(Records from a collection)
##########

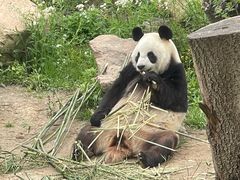 -宁波野生动物园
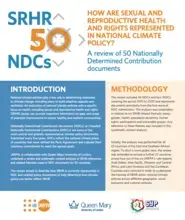 Summary: How are Sexual and Reproductive Health and Rights Represented in National Climate Policy? 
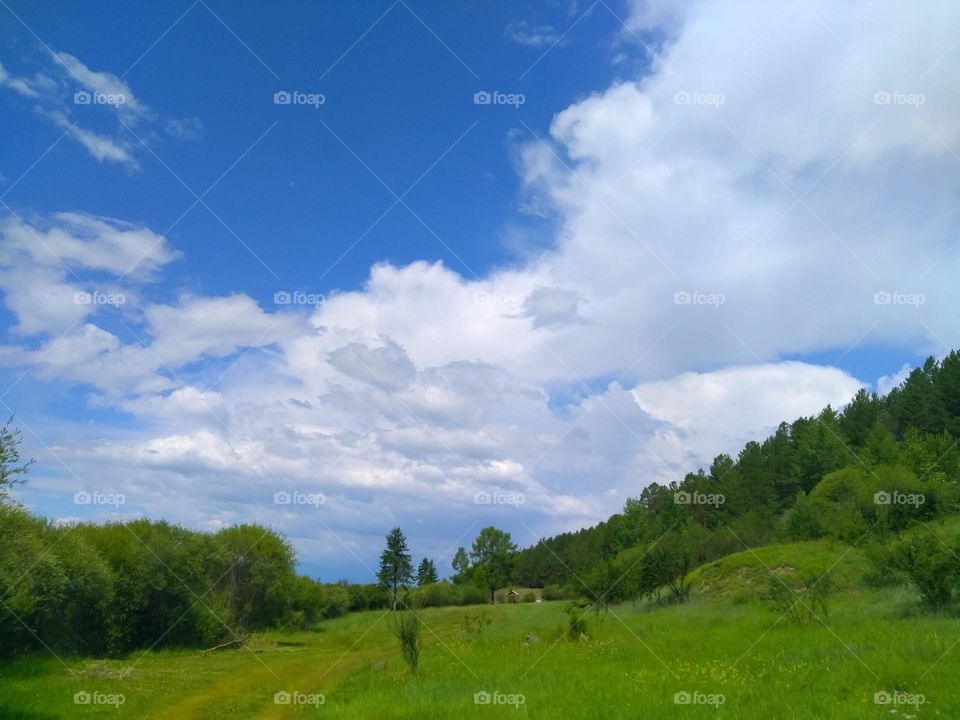 Blue sky and green field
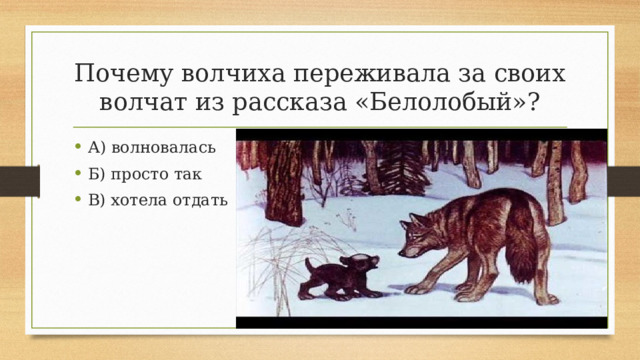 Почему волчиха переживала за своих волчат из рассказа «Белолобый»?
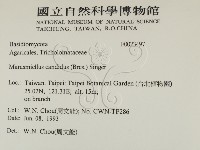 登錄號:F0023497藏品圖，第2張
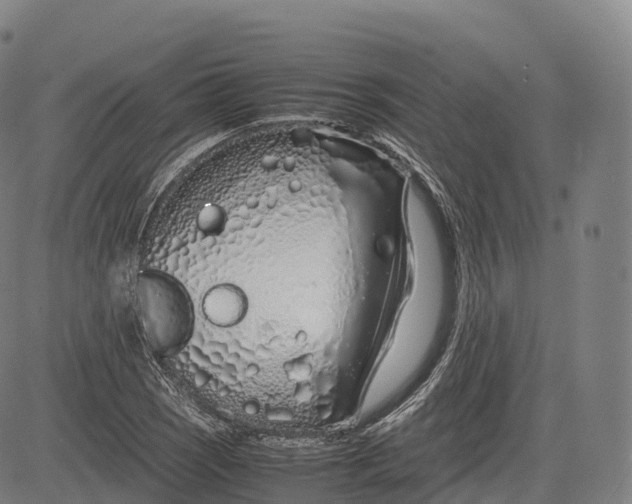 X0000083011121200702161544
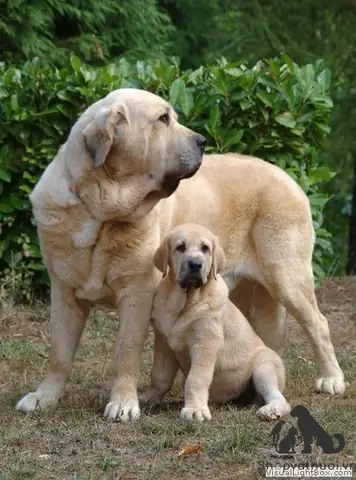 Cách Chăm Sóc Chó Mastiff Tây Ban Nha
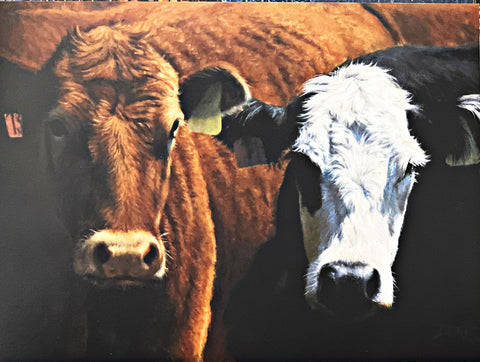 Derk Hansen The Odd Couple Cow Farm Art Print-16 x 12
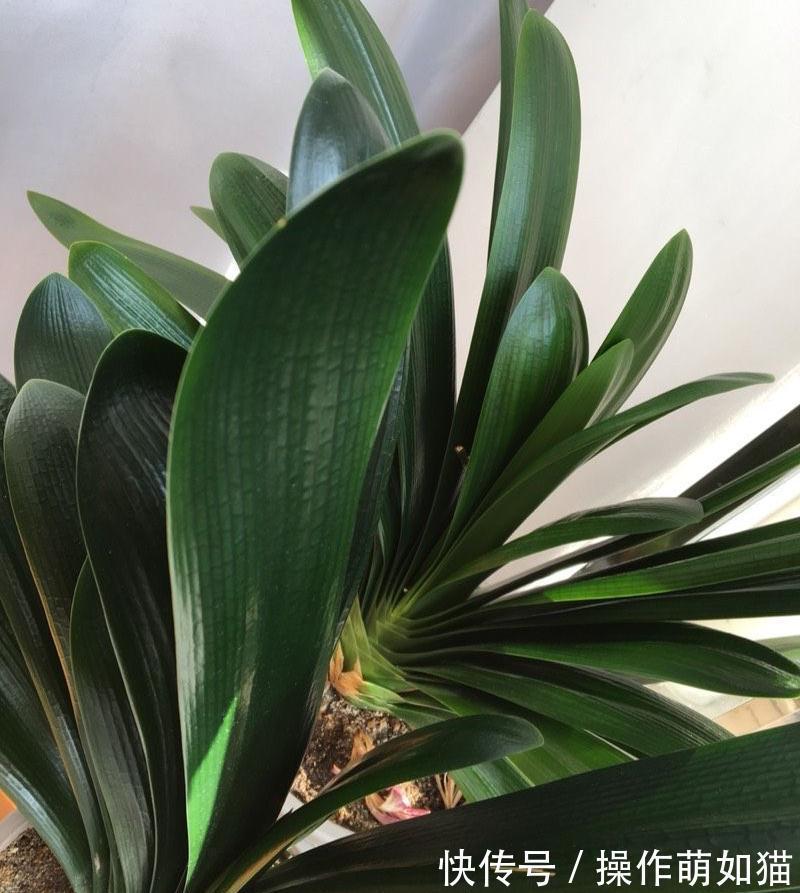 养君子兰,用2个方法,让它的叶片更油绿完美、开出惊艳的花球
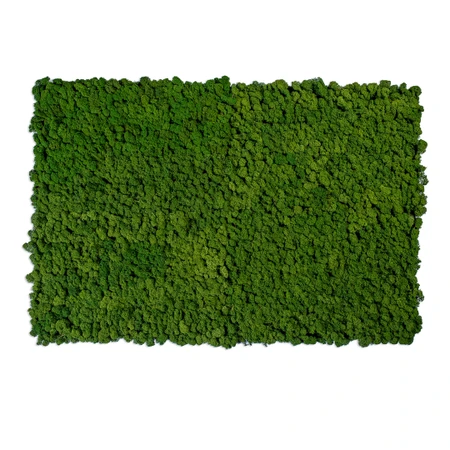 The evergreen moss acoustic wall panels can introduce a sound isolating vertical garden to any interior. logo
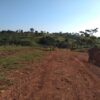 Fazenda em Passos - MG - Image 19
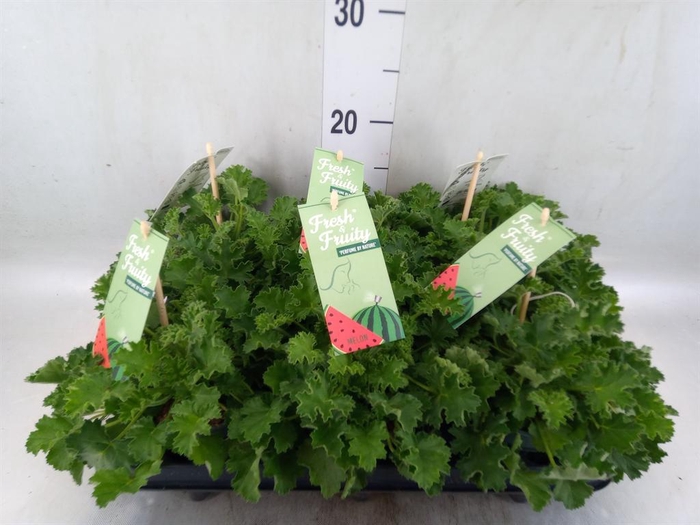 <h4>Pelargonium   ...mix smelling</h4>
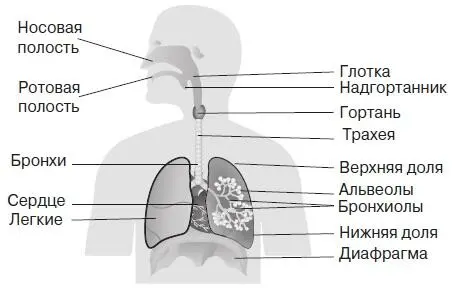 Рис 10 Дыхательная система Рис 11 Мочевыделительная система Знакомство с - фото 10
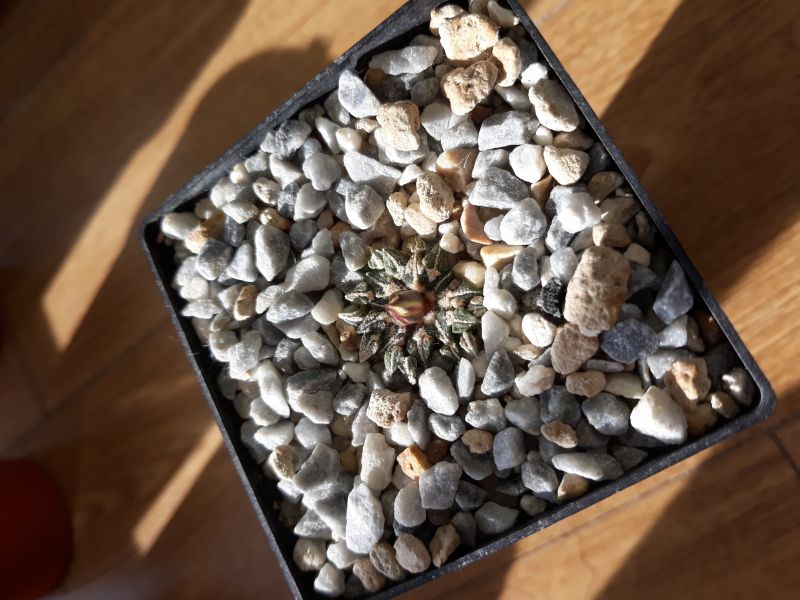 A photo of Ariocarpus kotschoubeyanus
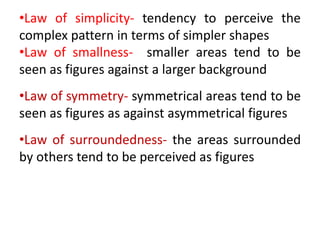 Perception b.ed
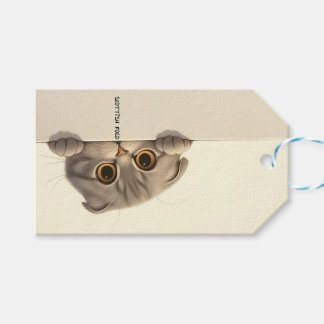 Kattenras Schotse plooi Cadeaulabel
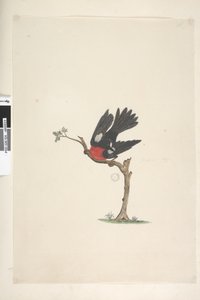 Sida 24. Naturlig storlek Scarlet Robin Petroica flerfärgad, hane, Norfolk Island, 1791-92 av Unknown artist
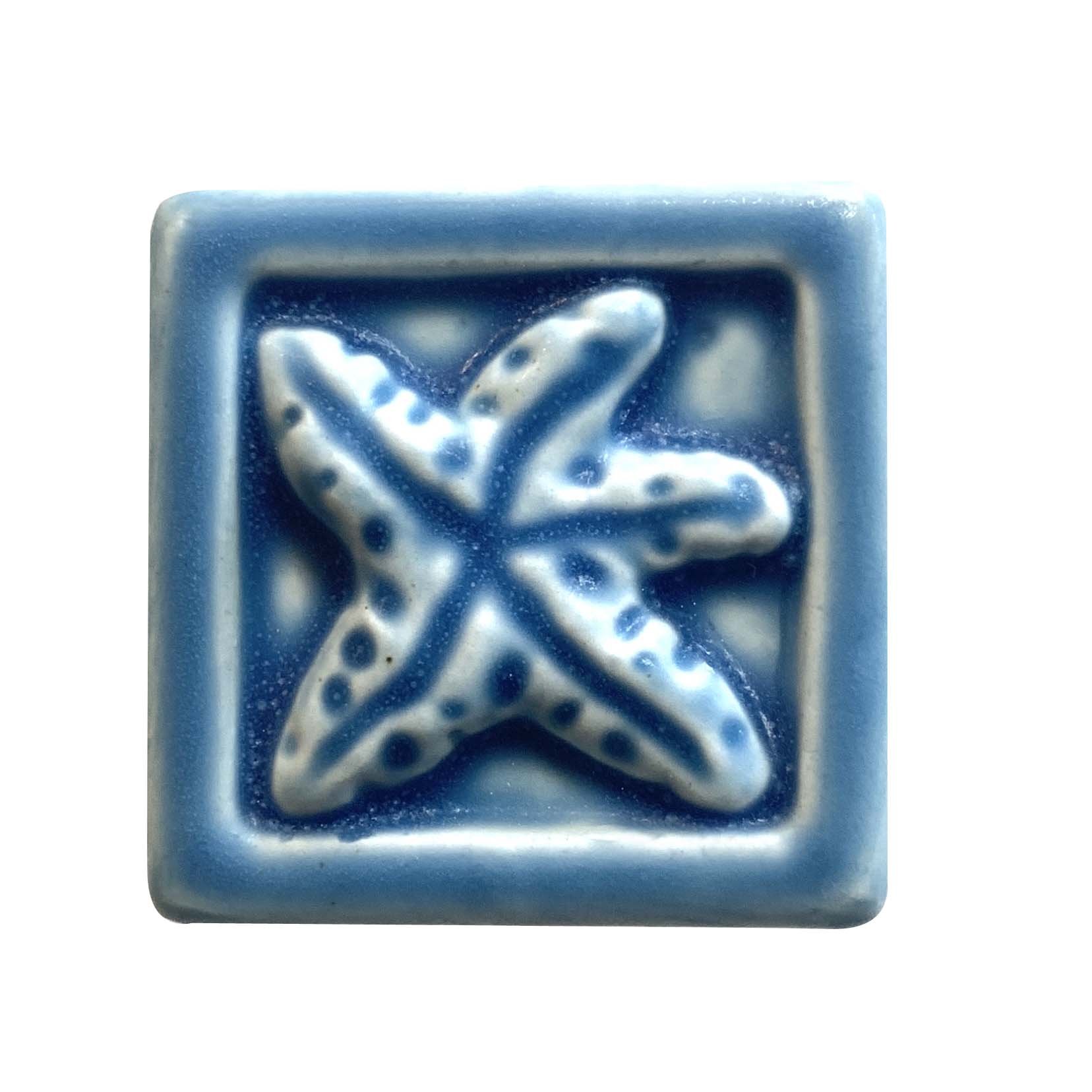 Starfish 2 x 2 Freshwater blue.JPG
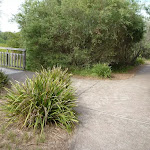 Track intersection at the Owens Walkway Wetland Viewpoint in Redhead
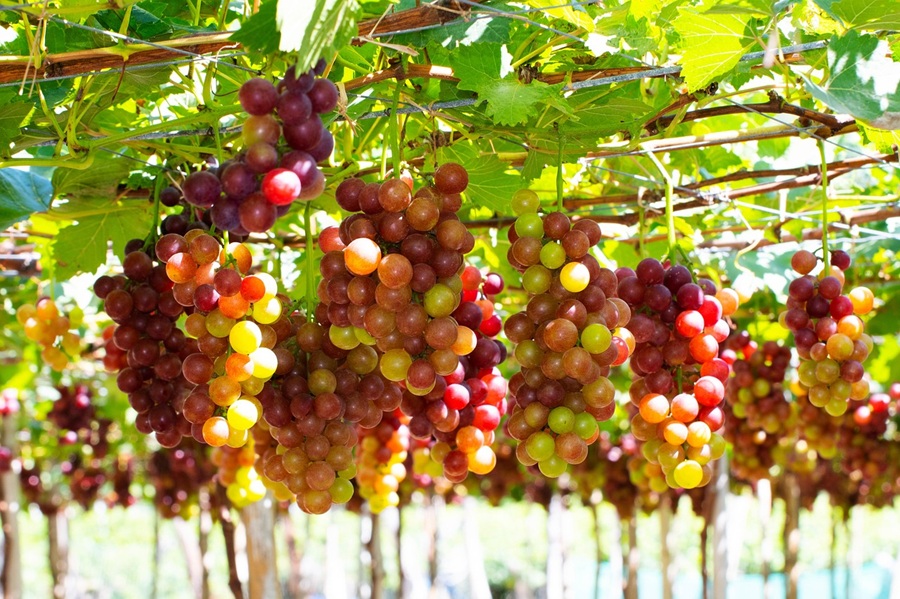 phân biệt nho Ninh Thuận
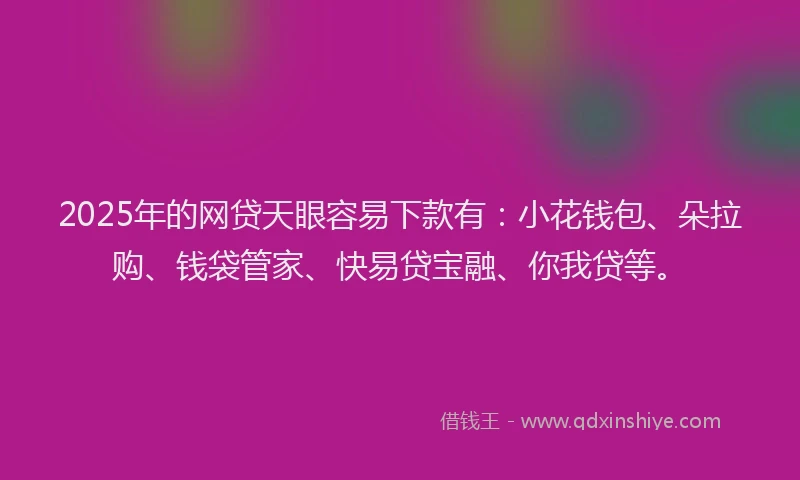 2025年的网贷天眼容易下款有：小花钱包、朵拉购、钱袋管家、快易贷宝融、你我贷等。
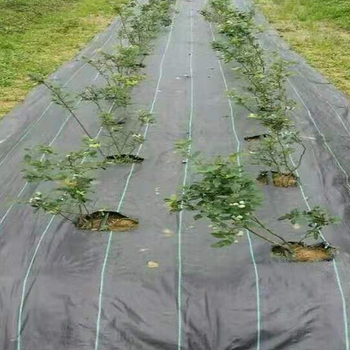 海南防草布生产厂家杂草抑制席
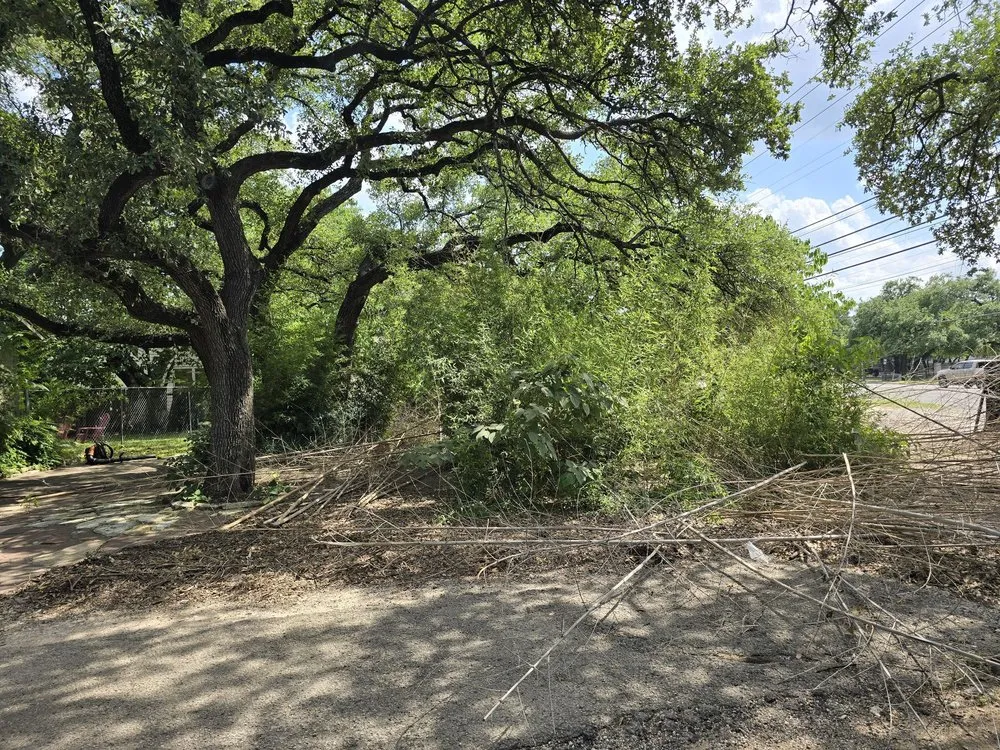 Reliable residential landscaping in Austin, TX - North Pearl Landscaping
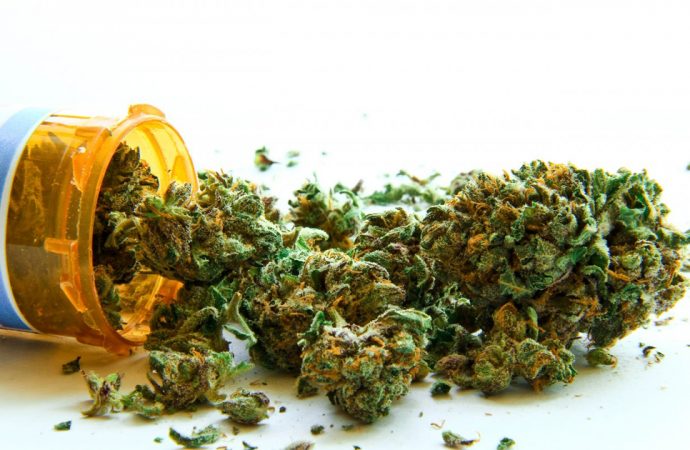 Zaskakująca decyzja rządu – lecznicza marihuana doczeka się legalizacji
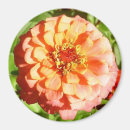 Search for zinnia magnets Red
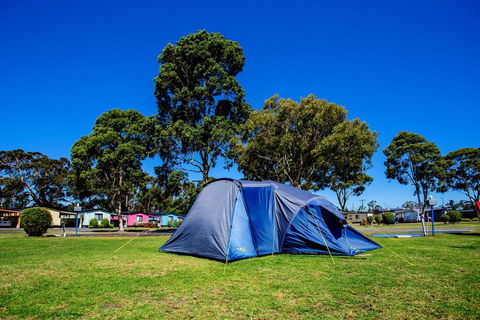 BIG4 Traralgon Park Lane Holiday Park - Accommodation Noosa 2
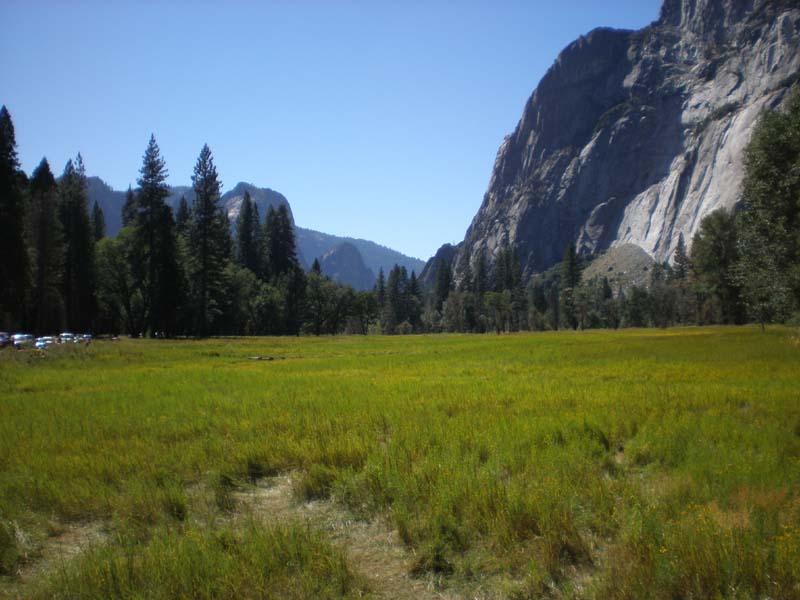 068meadow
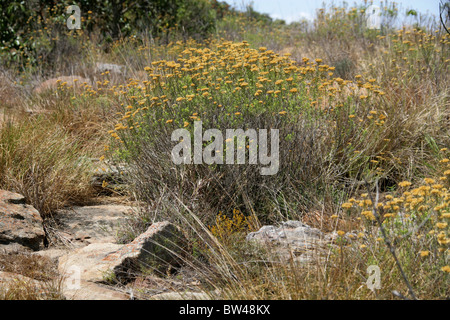 Fiori gialli, Blyde River Canyon - Mpumalanga in Sudafrica. Foto Stock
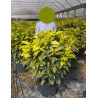 AUCUBA japonica CROTONIFOLIA En pot de 25-30 litres buisson hauteur 080-100 cm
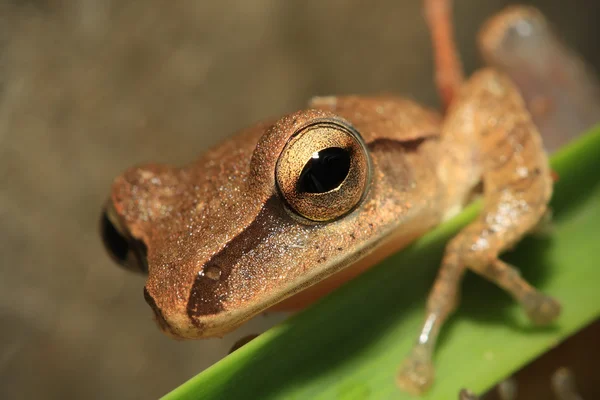 Fechar a cabeça do sapo, Foco no olho — Fotografia de Stock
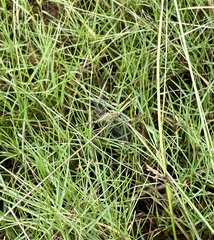 Diplacodes trivialis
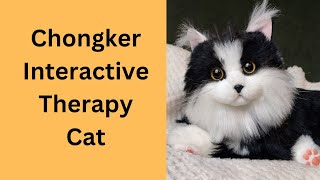 Meet PERCY, The NEWEST Baby In The Nursery~ Chongker Interactive Cat~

##########

PROMPT:
The answer must be an exact transcription of the lines from the one containing "Fiori gialli, Blyde" through the last line of the records above, both included, with no pictures.

WRITTEN ANSWER:
 Fiori gialli, Blyde River Canyon - Mpumalanga in Sudafrica. Foto Stock
 AUCUBA japonica CROTONIFOLIA En pot de 25-30 litres buisson hauteur 080-100 cm
 Fechar a cabeça do sapo, Foco no olho — Fotografia de Stock
 Diplacodes trivialis
 Meet PERCY, The NEWEST Baby In The Nursery~ Chongker Interactive Cat~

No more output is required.